| Given data |
----
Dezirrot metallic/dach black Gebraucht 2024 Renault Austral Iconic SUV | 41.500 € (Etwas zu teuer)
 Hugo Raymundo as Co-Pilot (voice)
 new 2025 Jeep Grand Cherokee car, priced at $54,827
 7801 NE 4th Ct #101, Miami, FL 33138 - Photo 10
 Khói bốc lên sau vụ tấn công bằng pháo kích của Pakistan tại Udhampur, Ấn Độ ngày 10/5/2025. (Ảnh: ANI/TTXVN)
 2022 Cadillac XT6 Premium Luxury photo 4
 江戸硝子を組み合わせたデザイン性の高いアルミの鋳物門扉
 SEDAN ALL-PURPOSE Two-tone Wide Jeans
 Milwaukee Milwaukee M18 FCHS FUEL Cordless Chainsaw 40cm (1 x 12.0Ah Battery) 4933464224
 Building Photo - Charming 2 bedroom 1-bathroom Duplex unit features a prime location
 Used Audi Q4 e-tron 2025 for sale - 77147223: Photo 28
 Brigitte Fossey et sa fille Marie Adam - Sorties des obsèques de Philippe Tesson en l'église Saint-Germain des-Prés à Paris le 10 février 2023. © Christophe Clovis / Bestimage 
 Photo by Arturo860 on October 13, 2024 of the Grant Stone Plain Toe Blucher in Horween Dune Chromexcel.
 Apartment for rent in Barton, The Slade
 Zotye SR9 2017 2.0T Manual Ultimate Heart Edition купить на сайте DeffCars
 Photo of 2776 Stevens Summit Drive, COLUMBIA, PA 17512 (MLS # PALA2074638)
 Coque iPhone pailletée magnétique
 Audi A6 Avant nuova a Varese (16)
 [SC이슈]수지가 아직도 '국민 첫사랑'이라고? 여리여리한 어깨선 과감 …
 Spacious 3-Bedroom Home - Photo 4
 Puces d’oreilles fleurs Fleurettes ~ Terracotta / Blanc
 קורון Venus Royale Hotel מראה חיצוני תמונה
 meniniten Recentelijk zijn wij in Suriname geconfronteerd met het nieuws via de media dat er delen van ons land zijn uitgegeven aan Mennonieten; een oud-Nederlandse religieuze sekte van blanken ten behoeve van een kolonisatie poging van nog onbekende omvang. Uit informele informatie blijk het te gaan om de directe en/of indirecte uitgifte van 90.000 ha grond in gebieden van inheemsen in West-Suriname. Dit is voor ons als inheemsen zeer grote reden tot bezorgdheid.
----
| What is required |
For the material above, reproduce exactly the lines from the line with "2022 Cadillac XT6 Premium Luxury photo 4" to the line with "Used Audi Q4", inclusive, and exclude all others.

| Your solution |
 2022 Cadillac XT6 Premium Luxury photo 4
 江戸硝子を組み合わせたデザイン性の高いアルミの鋳物門扉
 SEDAN ALL-PURPOSE Two-tone Wide Jeans
 Milwaukee Milwaukee M18 FCHS FUEL Cordless Chainsaw 40cm (1 x 12.0Ah Battery) 4933464224
 Building Photo - Charming 2 bedroom 1-bathroom Duplex unit features a prime location
 Used Audi Q4 e-tron 2025 for sale - 77147223: Photo 28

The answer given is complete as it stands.